> **Data segment**:
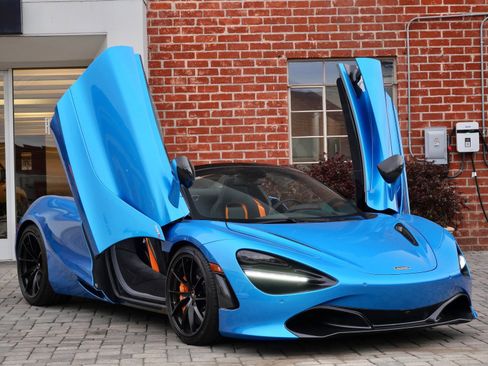 Used 2022 McLaren 720S Performance image 23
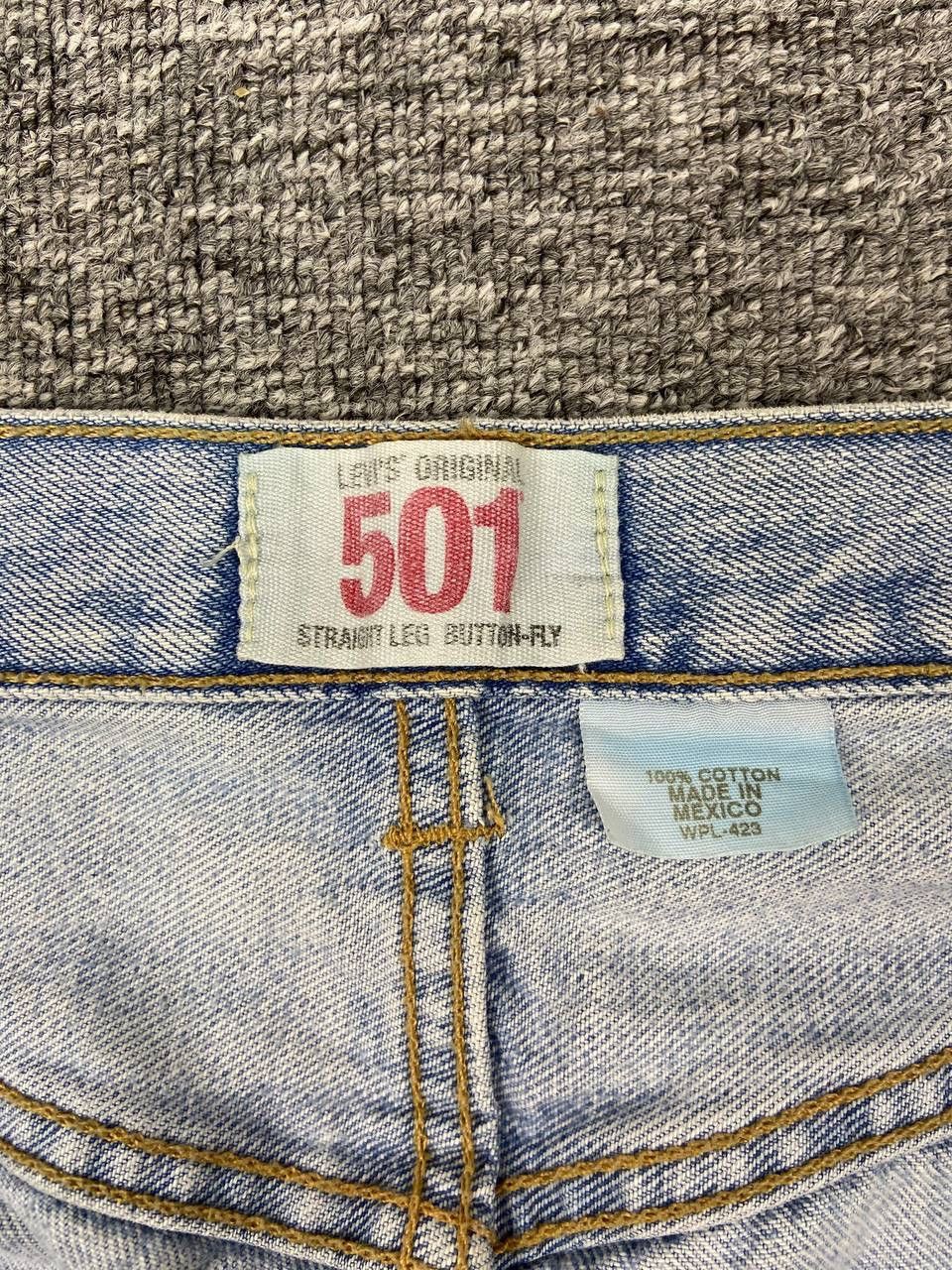 Levi's Vintage Levis 501 Light Wash Denim Jeans Size US 35 - 6 Thumbnail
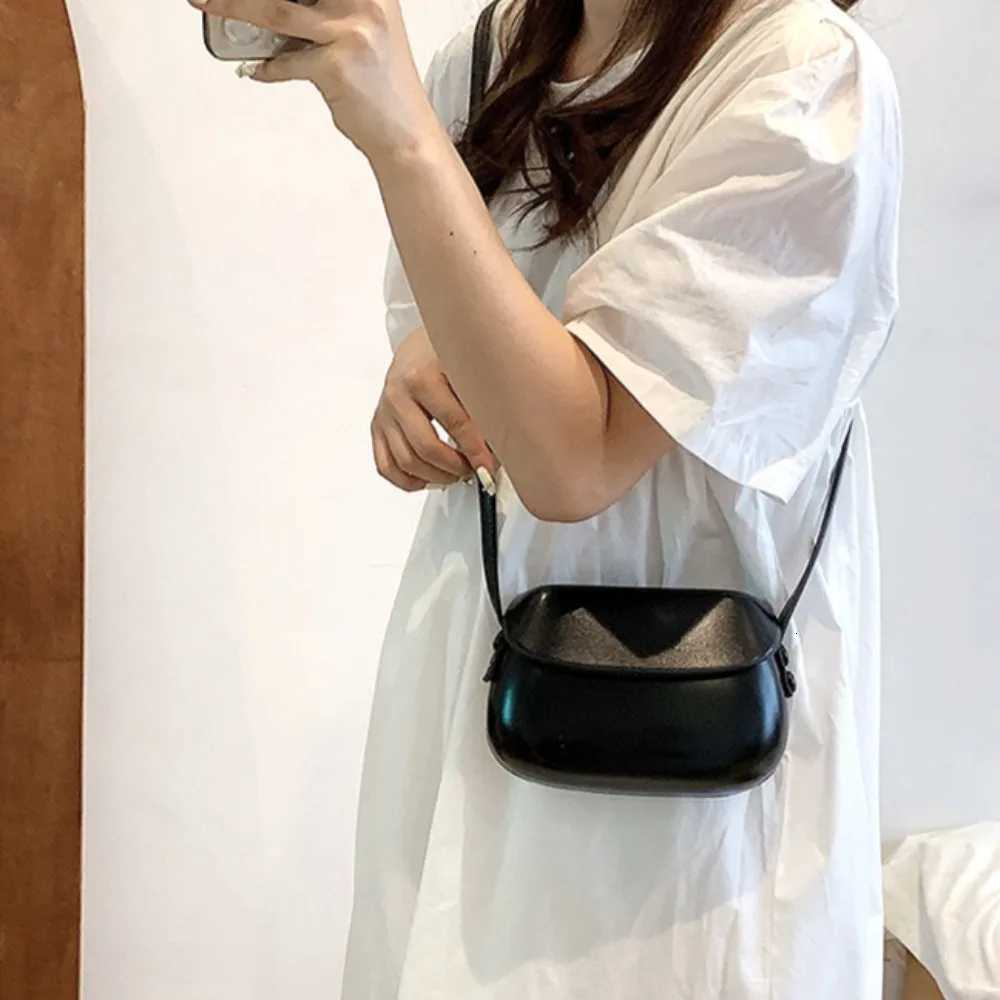 Korean Style Saddle Bag Women Vintage Shoulder Bag Cute Candy Color Crossbody Purse Minimalist Casual Backpack Z250928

> **What you need to do**: The material must be returned exactly, with its pictures omitted.

> **Written answer**:
 Used 2022 McLaren 720S Performance image 23
 Levi's Vintage Levis 501 Light Wash Denim Jeans Size US 35 - 6 Thumbnail
 Korean Style Saddle Bag Women Vintage Shoulder Bag Cute Candy Color Crossbody Purse Minimalist Casual Backpack Z250928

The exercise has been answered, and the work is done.